As the winner of competitions sponsored by the National Federation of Music Clubs, Metropolitan Opera, New York University, Gerda Lissner Foundation, Downbeat Magazine, and Connecticut Opera Guild, and as finalist in the Metropolitan Opera Mid-South Region, American Traditions Competition, International Opera Singer Competition, and Career Bridges Grant Awards with the Schuyler Foundation for Career Bridges, Inc., Mela (mee-la) Dailey has command of both her instrument and the stage. Ms. Dailey has received recognition in a wide variety of musical genres including opera, oratorio, art song, musical theater, vocal jazz, gospel, country, and popular music. Ms. Dailey made her professional debut at Carnegie Hall in 2003 with the Grammy nominated Conspirare Company of Voices directed by Craig Hella Johnson, a group with whom she also recorded CDs at Skywalker Ranch in California and Troy Savings Bank in New York for national release on the Harmonia Mundi and Clarion labels. She has been a recipient of the New York University Talent Scholarship for achievement in musical theater, a winner of the Second Annual University of Texas Opera Gala Aria Competition, and was selected as a New Young Artist with the Victoria Bach Festival (TX).
Mela sang the role of Tina in Jonathan Dove’s opera Flight with Austin Lyric Opera in April 2011. She also took part in a jazz concert in Klagenfurt, Austria and made her debuts with the Dallas Wind Symphony, Vancouver Symphony Orchestra, and the Rochester Philharmonic Orchestra. At the Georgetown (TX) Festival of the Arts she sang Brahms’ German Requiem and performed several concerts around the US with cellist Scott Kluksdahl beginning with the Helps Festival of Music in Tampa.

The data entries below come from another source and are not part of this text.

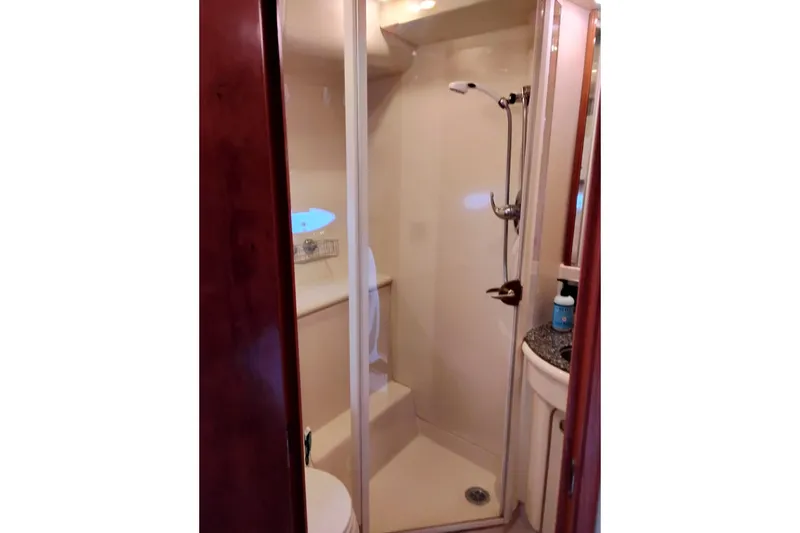 Slide: The Image of Bathroom interior of 2004 Meridian 459 Motoryacht with shower and sink. - 60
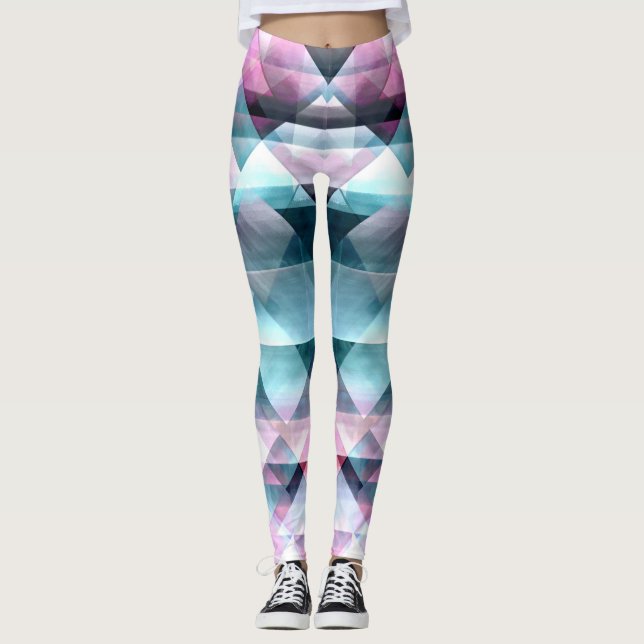 Girly Pink und Blue Abstrakt Geometric Muster Leggings (Vorderseite)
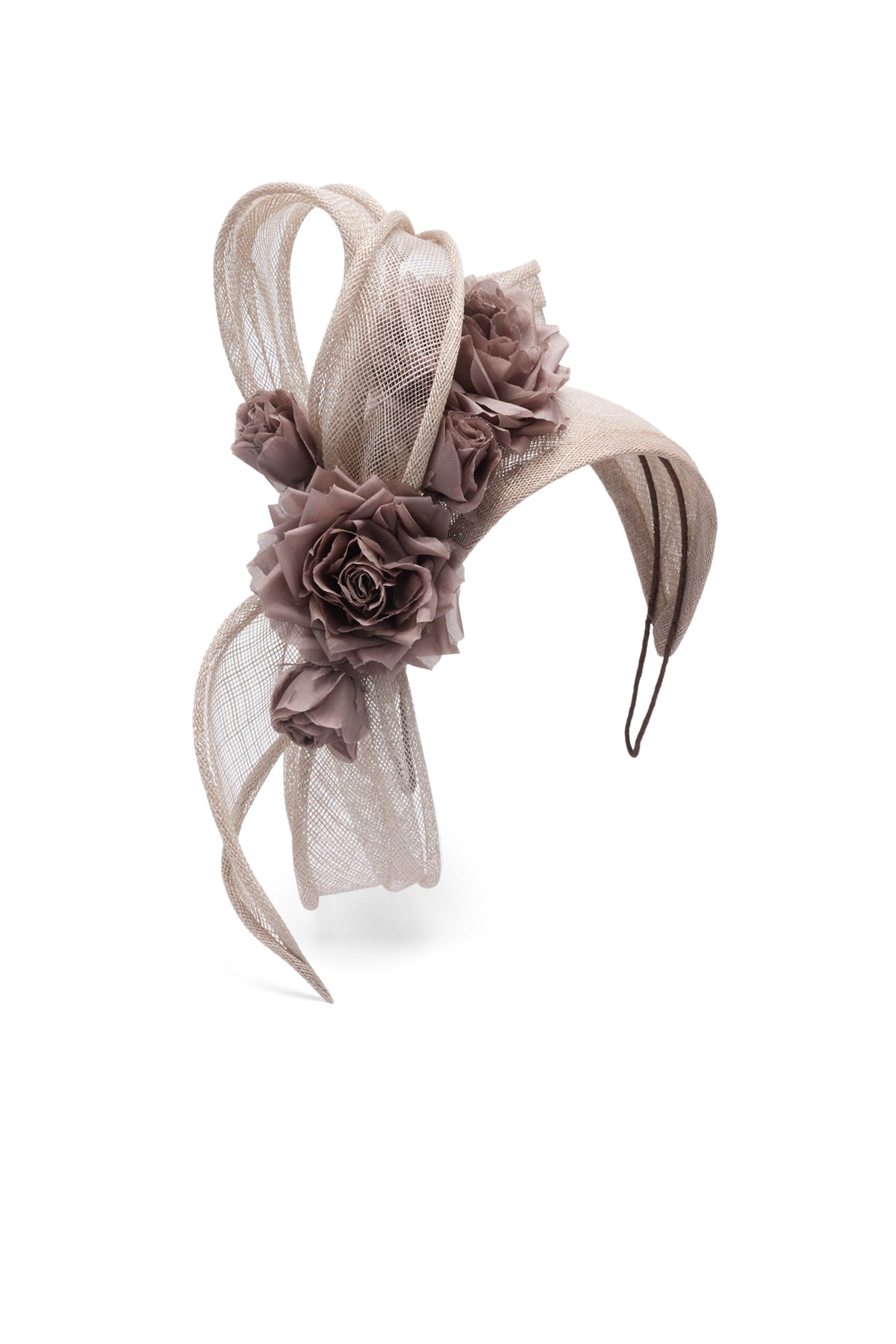 Stone Sinamay headband with silk habotai roses and a draped sinamay bow - Lock & Co. Hatters London UK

Mela’s debut CD with Scott entitled Shelter was released on the Pierian label (internationally distributed by the Naxos) to wide acclaim in 2012 and is available through Amazon.com and iTunes.
The 2012-13 was Ms. Dailey’s busiest season to date, beginning with solos in Debussy’s La damoiselle elue and Poulenc’s Gloria in a return to the Georgetown Festival, a Midwest tour with Conspirare, solo debuts with the Spokane and Edmonton Symphonies, a Florida chamber music tour, a Conspirare France tour with performances in Paris, Normandy, and St. Lo for the Polyfollia Festival, a return engagement with the Dallas Wind Symphony, an all-Russian CD recording with Conspirare for Harmonia Mundi, and a tour with Grammy nominee Seraphic Fire. In the Fall of 2012, Ms. Dailey was a soloist in the premiere performances and Naxos recording of Pulitzer Prize winning composer Kevin Puts To Touch the Sky. For the 2013-2014 season, Ms. Dailey will make her debut with the Chattanooga Symphony in the Mozart Requiem, return for concerts with the Edmonton Symphony, and will be soloist in the Verdi Requiem with the Austin Symphony.
Previous operatic performances include the roles of Ines in Il Trovatore, Countess Ceprano (and covering Gilda) in Rigoletto, and Ida (also covering Adele) in Die Fledermaus with Austin Lyric Opera, Adina in L’Elisir d’Amore and Musetta in La Bohème with the Opera Company of Brooklyn, the title role of Semele at the Staunton Music Festival (VA), and Frasquita in Carmenwith the Amarillo Opera. She has performed scenes from Don Giovanni, Die Lustige Witwe and Die Fledermaus with the Wichita Falls Symphony Orchestra (TX) as well as La Traviata,Rigoletto, La Bohème, Die Fledermaus, The Tales of Hoffmann, Lakmé, Linda di Chamounix, and Louise in opera galas with Austin Lyric Opera and the Britt Festival Orchestra (OR). With the Austin Symphony Orchestra she sang the role of Sophie in the Act 3 Trio and Finale from Der Rosenkavalier. She has also appeared in concert with the Carinthian Symphony Orchestra of Klagenfurt, Austria and was Artist-in-Residence with the Amarillo Opera.
Oratorio appearances include Handel’s Messiah with the Austin Symphony Orchestra, Handel’s Samson, Bach’s Magnificat and Schubert’s Mass in A-flat with Chorus Austin, and Dvorak’sStabat Mater with the Georgetown Festival of the Arts.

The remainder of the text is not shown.